Although technology can allow call centers and customer service to offer increased on-demand service and stronger personalization, there’s also a growing need for emotional intelligence and connection in the customer service space. Customers are still looking for a human connection, as evidenced by the strong desire for friendly service, and many customers still prefer to speak to a human agent.
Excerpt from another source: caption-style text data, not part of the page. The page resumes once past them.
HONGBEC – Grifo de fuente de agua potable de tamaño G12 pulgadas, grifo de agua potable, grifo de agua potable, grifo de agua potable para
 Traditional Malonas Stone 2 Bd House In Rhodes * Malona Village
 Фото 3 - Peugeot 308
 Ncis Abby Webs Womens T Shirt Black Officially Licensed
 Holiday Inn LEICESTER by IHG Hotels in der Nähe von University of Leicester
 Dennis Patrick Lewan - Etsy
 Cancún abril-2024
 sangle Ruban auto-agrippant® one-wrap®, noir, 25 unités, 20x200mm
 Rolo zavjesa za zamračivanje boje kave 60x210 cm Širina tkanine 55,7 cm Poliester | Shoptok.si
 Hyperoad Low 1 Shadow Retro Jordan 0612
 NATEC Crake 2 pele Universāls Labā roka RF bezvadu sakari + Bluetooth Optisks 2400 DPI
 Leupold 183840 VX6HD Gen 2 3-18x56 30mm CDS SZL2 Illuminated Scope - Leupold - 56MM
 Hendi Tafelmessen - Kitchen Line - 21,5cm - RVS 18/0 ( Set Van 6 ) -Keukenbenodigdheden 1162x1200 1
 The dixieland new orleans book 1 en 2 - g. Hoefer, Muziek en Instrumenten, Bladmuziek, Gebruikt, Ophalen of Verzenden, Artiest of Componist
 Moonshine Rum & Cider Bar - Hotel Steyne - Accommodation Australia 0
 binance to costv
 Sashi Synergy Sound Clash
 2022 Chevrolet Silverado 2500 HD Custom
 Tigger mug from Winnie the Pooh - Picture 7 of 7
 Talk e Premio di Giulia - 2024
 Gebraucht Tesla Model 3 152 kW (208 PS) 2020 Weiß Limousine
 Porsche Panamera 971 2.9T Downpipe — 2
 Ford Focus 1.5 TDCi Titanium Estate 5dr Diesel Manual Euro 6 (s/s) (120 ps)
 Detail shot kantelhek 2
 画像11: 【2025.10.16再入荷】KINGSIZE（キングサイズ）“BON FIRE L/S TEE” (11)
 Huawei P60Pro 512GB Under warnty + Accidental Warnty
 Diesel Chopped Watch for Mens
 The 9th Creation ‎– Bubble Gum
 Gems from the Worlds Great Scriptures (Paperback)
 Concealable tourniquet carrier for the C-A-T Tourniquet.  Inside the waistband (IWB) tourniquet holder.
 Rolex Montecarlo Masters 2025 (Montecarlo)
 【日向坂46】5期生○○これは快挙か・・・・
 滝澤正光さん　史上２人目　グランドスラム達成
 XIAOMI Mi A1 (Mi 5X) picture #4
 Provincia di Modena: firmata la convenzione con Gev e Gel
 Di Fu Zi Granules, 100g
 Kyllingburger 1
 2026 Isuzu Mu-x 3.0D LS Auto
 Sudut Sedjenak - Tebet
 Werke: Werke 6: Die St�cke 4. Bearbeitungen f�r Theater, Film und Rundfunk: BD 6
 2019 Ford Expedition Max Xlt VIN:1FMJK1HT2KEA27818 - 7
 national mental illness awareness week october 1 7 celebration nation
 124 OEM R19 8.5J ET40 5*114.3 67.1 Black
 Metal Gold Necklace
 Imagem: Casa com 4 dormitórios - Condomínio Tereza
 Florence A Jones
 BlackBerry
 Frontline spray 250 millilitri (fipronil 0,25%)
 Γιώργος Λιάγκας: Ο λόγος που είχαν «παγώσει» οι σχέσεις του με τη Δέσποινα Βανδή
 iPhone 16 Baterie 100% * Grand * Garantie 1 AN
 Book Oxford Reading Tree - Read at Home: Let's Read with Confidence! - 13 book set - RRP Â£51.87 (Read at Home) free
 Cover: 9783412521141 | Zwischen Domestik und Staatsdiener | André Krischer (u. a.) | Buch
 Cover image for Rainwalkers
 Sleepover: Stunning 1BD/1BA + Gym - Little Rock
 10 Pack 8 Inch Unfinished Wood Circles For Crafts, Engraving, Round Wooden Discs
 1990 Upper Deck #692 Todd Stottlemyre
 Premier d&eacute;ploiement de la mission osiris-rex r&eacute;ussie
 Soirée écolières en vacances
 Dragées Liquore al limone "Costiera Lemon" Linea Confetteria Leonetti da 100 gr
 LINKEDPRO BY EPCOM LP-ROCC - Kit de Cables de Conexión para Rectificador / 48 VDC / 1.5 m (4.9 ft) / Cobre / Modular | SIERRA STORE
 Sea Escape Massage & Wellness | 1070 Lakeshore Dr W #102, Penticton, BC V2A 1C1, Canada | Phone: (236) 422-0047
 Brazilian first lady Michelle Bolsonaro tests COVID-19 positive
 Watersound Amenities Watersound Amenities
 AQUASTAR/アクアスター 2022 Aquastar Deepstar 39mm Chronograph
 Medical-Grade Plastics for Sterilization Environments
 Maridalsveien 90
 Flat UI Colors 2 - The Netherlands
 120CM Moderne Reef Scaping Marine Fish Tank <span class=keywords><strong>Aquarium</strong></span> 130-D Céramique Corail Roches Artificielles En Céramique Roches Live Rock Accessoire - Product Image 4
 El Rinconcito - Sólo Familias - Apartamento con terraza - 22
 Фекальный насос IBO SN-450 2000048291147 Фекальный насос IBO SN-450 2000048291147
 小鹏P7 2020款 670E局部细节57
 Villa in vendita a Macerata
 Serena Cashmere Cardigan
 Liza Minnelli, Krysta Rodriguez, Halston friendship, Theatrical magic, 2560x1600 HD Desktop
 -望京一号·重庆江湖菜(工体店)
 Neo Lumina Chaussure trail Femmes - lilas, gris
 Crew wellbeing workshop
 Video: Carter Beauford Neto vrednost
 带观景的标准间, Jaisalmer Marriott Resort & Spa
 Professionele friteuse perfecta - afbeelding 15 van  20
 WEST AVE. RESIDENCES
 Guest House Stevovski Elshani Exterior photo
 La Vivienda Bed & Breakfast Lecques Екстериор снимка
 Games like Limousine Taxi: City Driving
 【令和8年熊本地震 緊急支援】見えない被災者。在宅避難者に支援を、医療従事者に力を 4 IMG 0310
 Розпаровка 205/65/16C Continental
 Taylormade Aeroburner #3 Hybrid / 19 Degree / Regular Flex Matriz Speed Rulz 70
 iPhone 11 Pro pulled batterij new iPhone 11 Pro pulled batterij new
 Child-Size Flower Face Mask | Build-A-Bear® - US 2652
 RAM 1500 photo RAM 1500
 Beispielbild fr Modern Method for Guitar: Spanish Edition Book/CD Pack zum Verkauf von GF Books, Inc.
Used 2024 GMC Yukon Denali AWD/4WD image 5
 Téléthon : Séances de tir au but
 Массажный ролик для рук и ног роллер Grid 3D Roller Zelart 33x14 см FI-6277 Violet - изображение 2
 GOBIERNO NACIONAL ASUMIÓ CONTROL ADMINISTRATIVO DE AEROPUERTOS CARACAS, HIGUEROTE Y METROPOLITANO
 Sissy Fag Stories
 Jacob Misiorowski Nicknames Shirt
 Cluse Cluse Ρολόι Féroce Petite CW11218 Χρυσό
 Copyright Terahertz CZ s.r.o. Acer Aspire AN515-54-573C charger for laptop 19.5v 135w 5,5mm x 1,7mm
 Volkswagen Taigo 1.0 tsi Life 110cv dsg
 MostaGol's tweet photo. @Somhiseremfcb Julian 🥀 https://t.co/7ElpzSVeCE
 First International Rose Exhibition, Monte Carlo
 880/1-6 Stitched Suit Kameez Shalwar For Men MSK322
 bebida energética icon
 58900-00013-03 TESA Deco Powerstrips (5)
Recent studies have shown as many as 98% of callers try to skip IVR systems to get to a representative.
So with all that in mind—keep your technology up-to-date on your etiquette rules and training, but don’t dismiss or downplay the importance of human agents and their emotional intelligence for creating consistent, relatable customer experiences.
Conclusion: Upholding Call Center Etiquette for Success
At the end of the day: call center etiquette can be difficult to implement, and even more difficult to keep implemented. Whether you’re relying on chatbots and AI or just managing a basic call center and fielding voice calls, you need to provide:
- adequate training on emotional intelligence and good communication and etiquette skills
- clear guidelines on policies, protocol and etiquette to agents
- positive and friendly communication to customers
All of these will help implement the etiquette you need to deliver successful customer experiences.